[Brief descriptive captions]
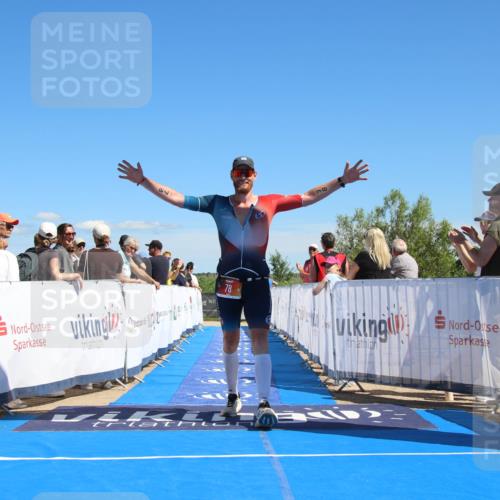 21.06.2026 - Viking Triathlon Markus Tischler http://msf.ph/oto/9843667 21.06.2026 15:40:48 Ziel 78 meine-sportfotos.de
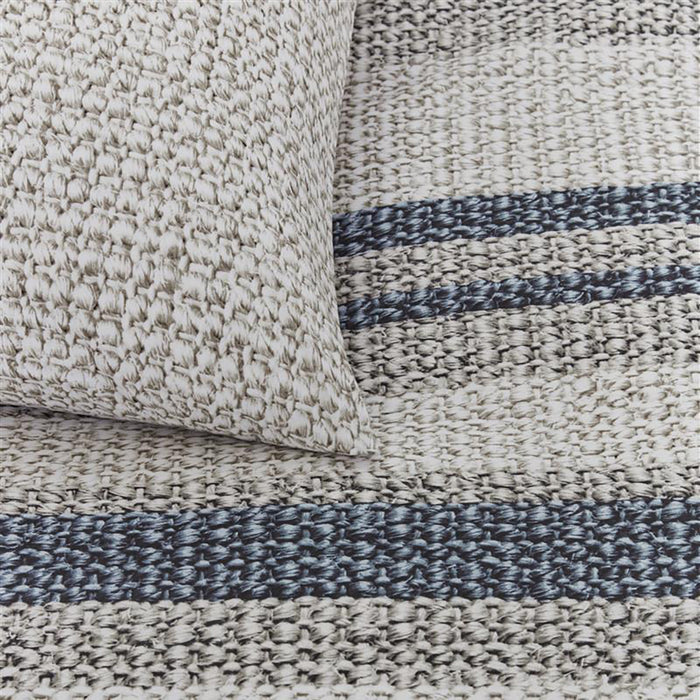Riviera Maison Rattan Stripes Dekbedovertrek 140 x 200/220 cm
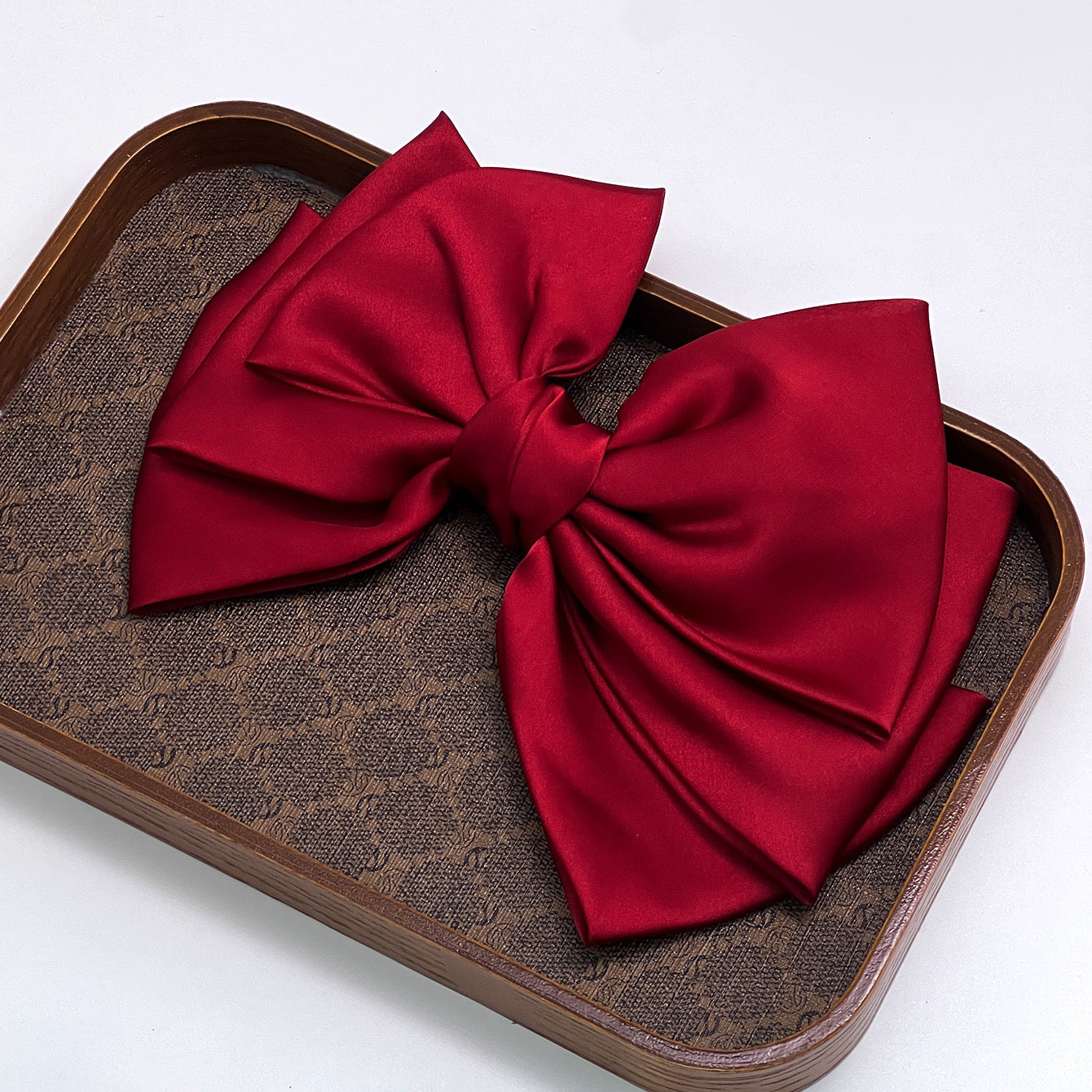 Hair Bow Ribbon Clip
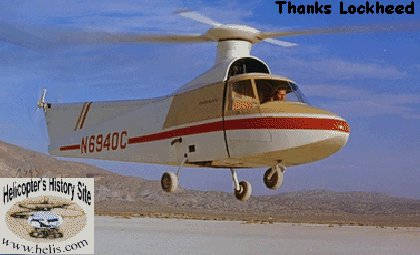Lockheed CL 475 Helicopters 1960s
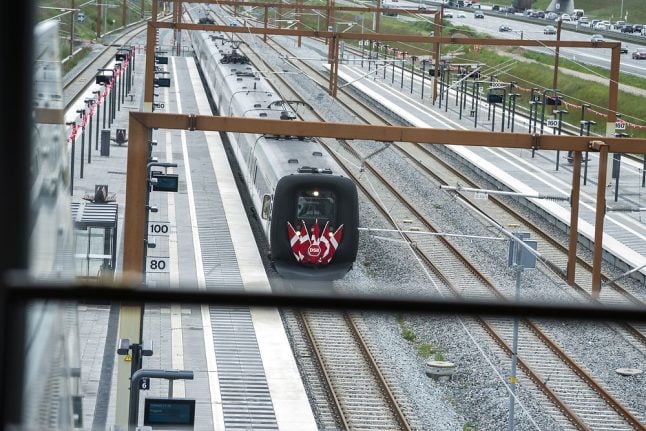 Denmark opens first high-speed rail line, but commuters must wait for faster journeys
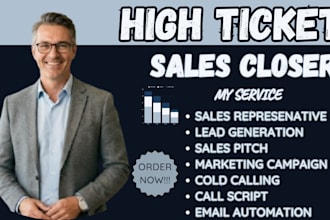 sales closer sales rep salesperson lead generation sales representative b2b lead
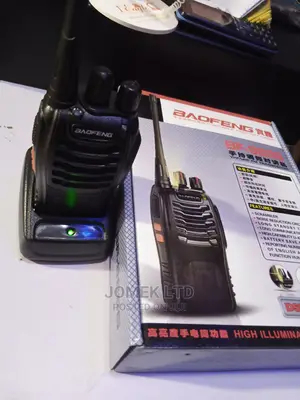 Baofeng 2-Way Walkie Talkie Handheld Radio Communicator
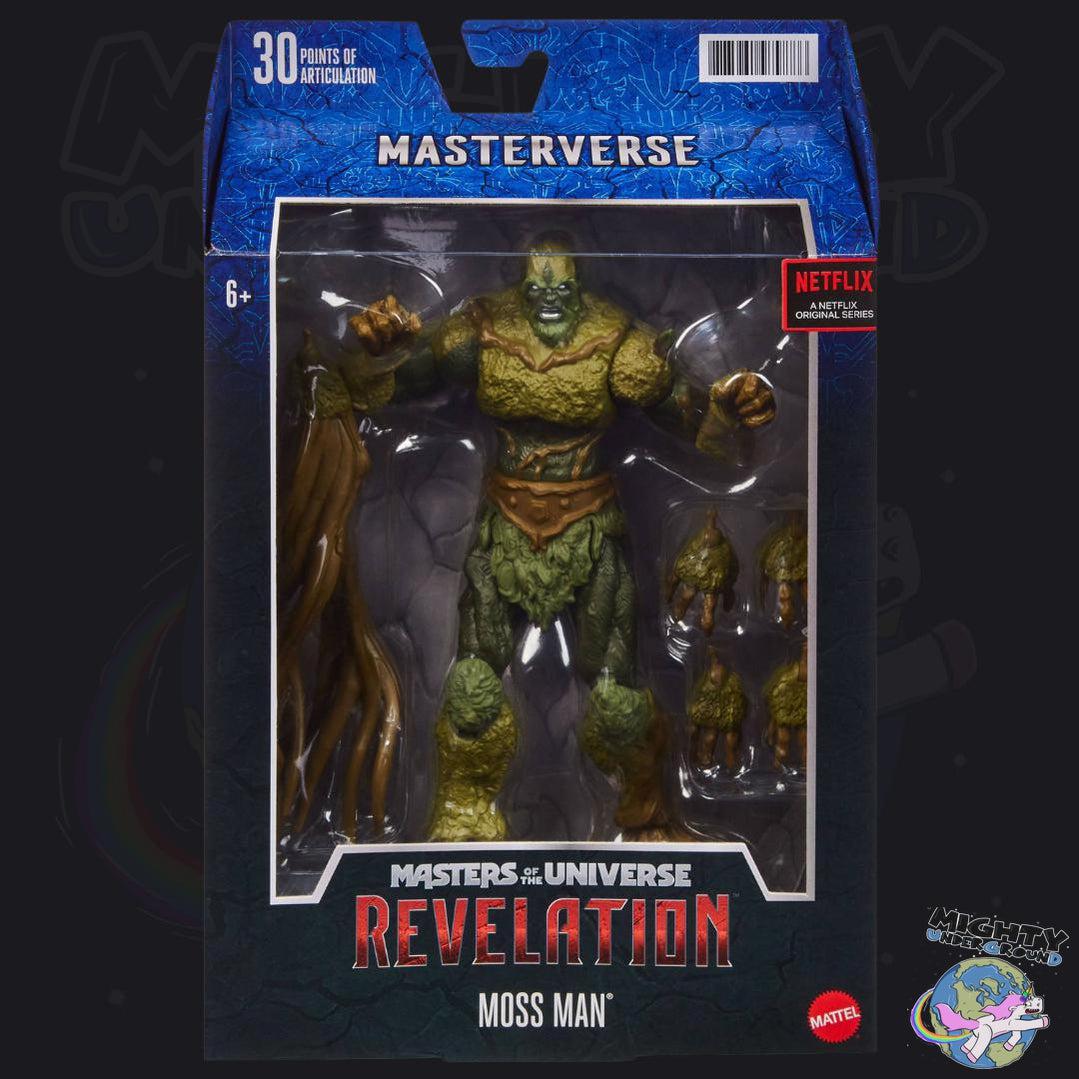 Masters of the Universe Revelation: Classic Moss Man VORBESTELLUNG!-Actionfiguren-Mattel-Mighty Underground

▶ [WORK INSTRUCTIONS]: Please return, exactly as written, the lines from the first line of the records above through the line containing "Denmark opens first", both included, leaving out any pictures.

▶ [WRITTEN ANSWER]:
 21.06.2026 - Viking Triathlon Markus Tischler http://msf.ph/oto/9843667 21.06.2026 15:40:48 Ziel 78 meine-sportfotos.de
Riviera Maison Rattan Stripes Dekbedovertrek 140 x 200/220 cm
 Hair Bow Ribbon Clip
Lockheed CL 475 Helicopters 1960s
 Denmark opens first high-speed rail line, but commuters must wait for faster journeys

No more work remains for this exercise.